Sunday, August 7, 2011

MOVIE REVIEW: Magic Trip: Ken Kesey’s Search for a Kool Place

Allen Ginsberg/Corbis, via Magnolia Pictures
Timothy Leary, left, and Neal Cassady, 
who drove Ken Kesey's psychedelic bus
in 1964, in footage from “Magic Trip.”
by Charles McGrath, on The New York Times website: http://www.nytimes.com/

Magic Trip: Ken Kesey’s Search for a Kool Place,” a film by Alex Gibney and Alison Ellwood that opens on Friday, is an exercise in what they call “archival vérité.”

It’s a documentary that uses old footage to recreate a documentary that Kesey intended to make about his 1964 cross-country bus trip - the one so memorably chronicled in Tom Wolfe’s account, “The Electric Kool-Aid Acid Test.”

In all Kesey and the Merry Pranksters, as his crew called themselves, shot some 40 hours of 16-millimeter film, but the project was never really finished.
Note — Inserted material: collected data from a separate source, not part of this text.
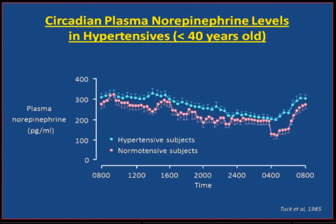This is a 24-hour measure of plasma norepinephrine in patients with hypertension — middle-aged patients — and you can see clearly that the increase in sympathetic activity is for the whole 24-hour period. In particular, during the waking period, the so-called vulnerable period.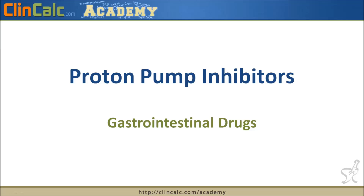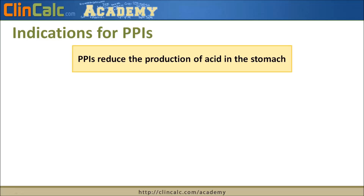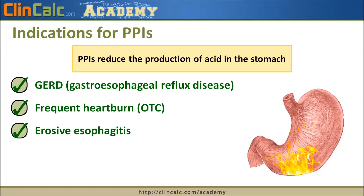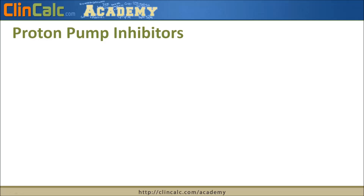In this video we'll be talking about proton pump inhibitors or PPIs. PPIs are used for anything that involves decreasing the amount of acid in the stomach. This includes patients who have GERD or gastroesophageal reflux disease, frequent heartburn, erosive esophagitis where the bottom portion of the esophagus becomes eroded over time, and ulcerations in the GI tract. If untreated, these can progress into gastrointestinal bleeding, which could be a very serious problem.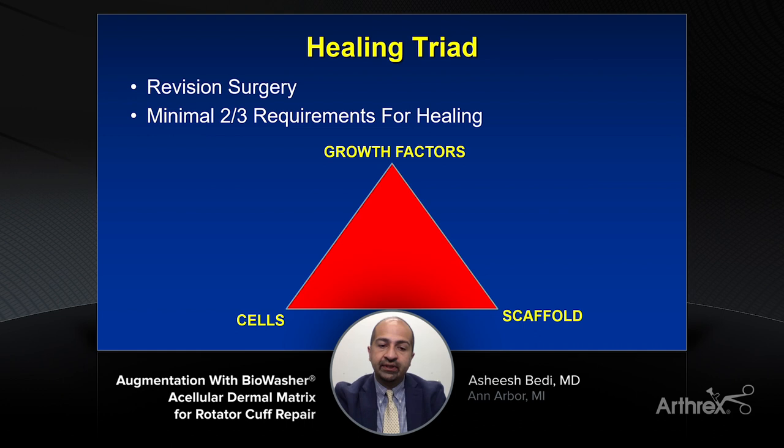Why is that so important? We know something about the healing triad. Our basic science colleagues have taught us that when we have an interface challenged with healing — perhaps compromised tissue or revision surgery — we need at least two of these three triad elements present to have any chance of success: a scaffold offering time-zero biomechanical strength, growth factors to stimulate the inherent healing response, and if tissue is deficient in responding cells, we need to augment with the right type of cells. We can deliver a scaffold such as a patch, augment it with ACP replete in growth factors, and even consider bone marrow or lipid-based aspirate to isolate stem cells to augment healing.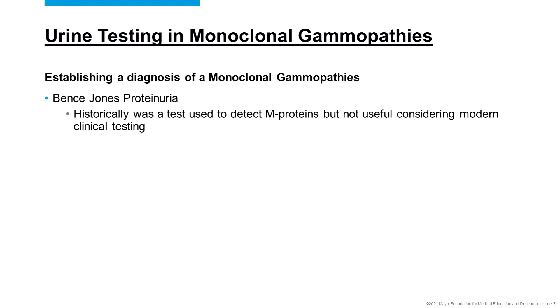Let's start by talking about what is the role of urine in testing for monoclonal gammopathy? In terms of establishing a diagnosis, early on, back in the 1800s, urine was one of the first methods used to detect multiple myeloma. There was a physician, Bence Jones, who discovered that patients with multiple myeloma tend to have urine that if you heat it up, it becomes cloudy, and if you cool it down, it becomes clear. This became known as the so-called Bence Jones proteinuria. Historically this test was used for a long time, but truthfully now in modern clinical testing, it has a very limited role.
As Mr. Wolfe wrote, “Plunging in on those miles of bouncing, ricocheting, blazing film with a splicer was like entering a jungle where the greeny vines grew faster than you could chop them down in front of you.”

Kesey showed all 40 hours unedited a couple of times and also hacked the footage up into various shorter versions before stowing the film cans in his barn, near Eugene, Ore., where they rusted away - until Mr. Gibney and Ms. Ellwood showed up.